Presse : journaliste, une des professions les moins prestigieuses en Tchéquie

Cette nouvelle revue de presse se penche d’abord sur la condition des médias et du journalisme en Tchéquie. Elle s’intéresse également à la définition du centre de l’Europe et à l’évolution de la Tchéquie en faveur de l’UE. Il y sera également question de la fidélité des supporters d’Andrej Babiš. Un sujet de l’agenda international concerne la situation dans la région de Belgorod en Russie. Un mot enfin sur les trois concerts donnés par Tina Turner à Prague.

Les médias peuvent être affaiblis de différentes manières. Par exemple, par l’aggravation de leur situation économique. C’est ce que constate l’hebdomadaire Respekt en lien avec l’augmentation de la TVA de 21 % pour la presse, envisagée par le gouvernement de Petr Fiala. Une mesure qui est plus efficace que les interdictions et qui ne risque pas, comme il l’explique, de provoquer les protestations du public :

« Quarante ans de régime totalitaire, suivis de plus de trente ans d’attaques incessantes contre les journalistes, ont laissé des traces. La confiance à leur égard a diminué ces dernières années, le journalisme étant l’une des professions les moins prestigieuses. En Tchéquie, seuls les députés ou les prêtres semblent se classer encore plus bas. Bien entendu, ces attaques ne sont pas les seules responsables de cette situation. Les médias ont commis un certain nombre d’erreurs, en réduisant leurs activités dans les domaines les plus importants, qu’il s’agisse d’enquêtes, de reportages ou d’analyses approfondies. »

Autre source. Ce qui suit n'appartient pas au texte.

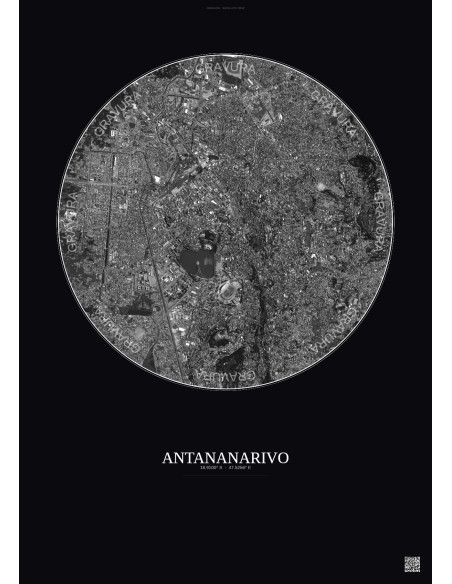Antananarivo Satellite View Poster 2.5km B&W | Gravura – Dark background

« Pourtant, la société a besoin des médias », souligne l’éditorialiste de Respekt, « car sans les journalistes, nous n’aurions peut-être plus de système entièrement démocratique » :

« Ce sont en effet les médias qui ont continué à contrôler les actions de l’ex-Premier ministre  Andrej Babiš et de l’ancien président Miloš Zeman entre 2013 et 2022. L’affirmation du gouvernement actuel selon laquelle il ne se passera par grand-’chose si des titres de la presse écrite font faillite parce que nous avons des médias publics est  dangereux et absurde. Le passé a également montré à quel point la télévision et la radio tchèques étaient vulnérables, lorsque les politiciens décident de les mettre sous pression. Cela pourrait se reproduire à tout moment. »

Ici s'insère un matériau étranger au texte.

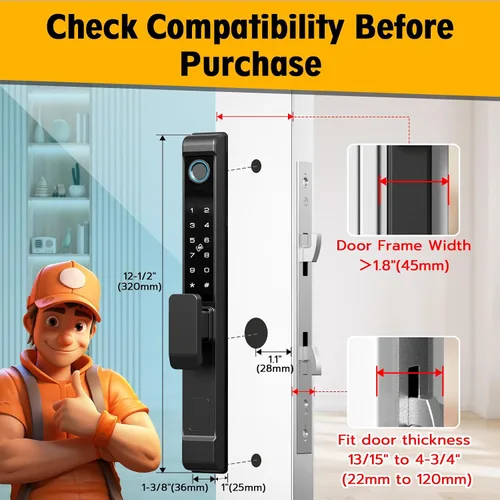 Miniatura 7 de Cerradura de puerta corrediza de vidrio, cerradura inteligente para puerta corrediza Eseesmart con teclado de código de huella dactilar, tarjeta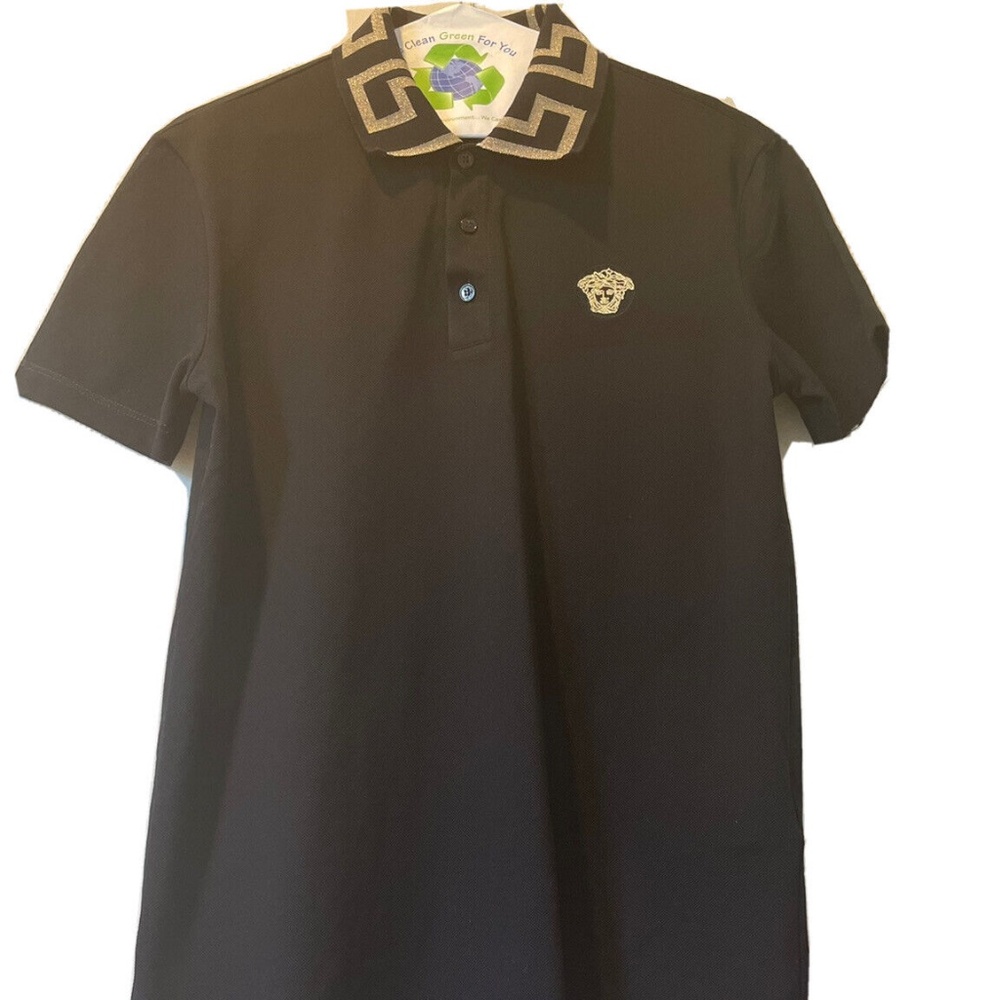 Versace Medusa Black Greca Collar Polo Shirt T-Shirt (100% Authentic)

Donner un centre à l’Europe

« L’Europe semble ne pas avoir de centre ». Un constat dressé dans un texte publié par le quotidien Hospodářské noviny:

Photo illustrative: Brigitte Werner,  Pixabay,  Pixabay License

« A l’époque du rideau de fer, ’nul besoin d’évoquer une quelconque Europe centrale car la ligne de démarcation existait entre l’Europe de l’Ouest et l’Europe de l’Est. Longtemps après sa chute, les différences entre les deux parties de l’Europe sont restées marquantes. Aujourd’hui, la situation est différente, nos problèmes étant plus ou moins les mêmes que ceux des pays occidentaux. La réorientation du commerce extérieur des marchés de l’’Est vers les marchés de l’’Ouest a bien fonctionné. On pourrait même dire que nous, en tant que pays d’Europe centrale, n’avons pas été des fauteurs de troubles au cours des deux dernières décennies, à quelques exceptions près, comme notre positionnement lors de la crise migratoire. La région d’Europe centrale est en train de prendre confiance en elle. En particulier, sa réponse rapide et juste à l’agression russe en Ukraine a été exemplaire. »

L’éditorialiste du quotidien économique souligne que le gouvernement actuel et le président Petr Pavel devraient avoir à cœur de construire l’idée d’une Europe centrale, la Mitteleuropa, notoirement absente. Donner un centre à l’Europe, donc :

« Nous avons connu plus de 33 ans de liberté et il est temps de cesser de regarder le centre de l’Europe comme une dérive. Nous nous sentirions tous beaucoup mieux si nous étions considérés comme l’Europe centrale, et non comme l’Europe de l’Est. Le terme ‘Europe de l’Est’ devrait être réservé aux pays situés véritablement à l’est de l’Europe. L’Europe de l’Est pourrait inclure des pays qui sont en Europe mais qui ne font pas partie de l’UE. Nous devrions tout faire pour devenir l’Europe centrale. »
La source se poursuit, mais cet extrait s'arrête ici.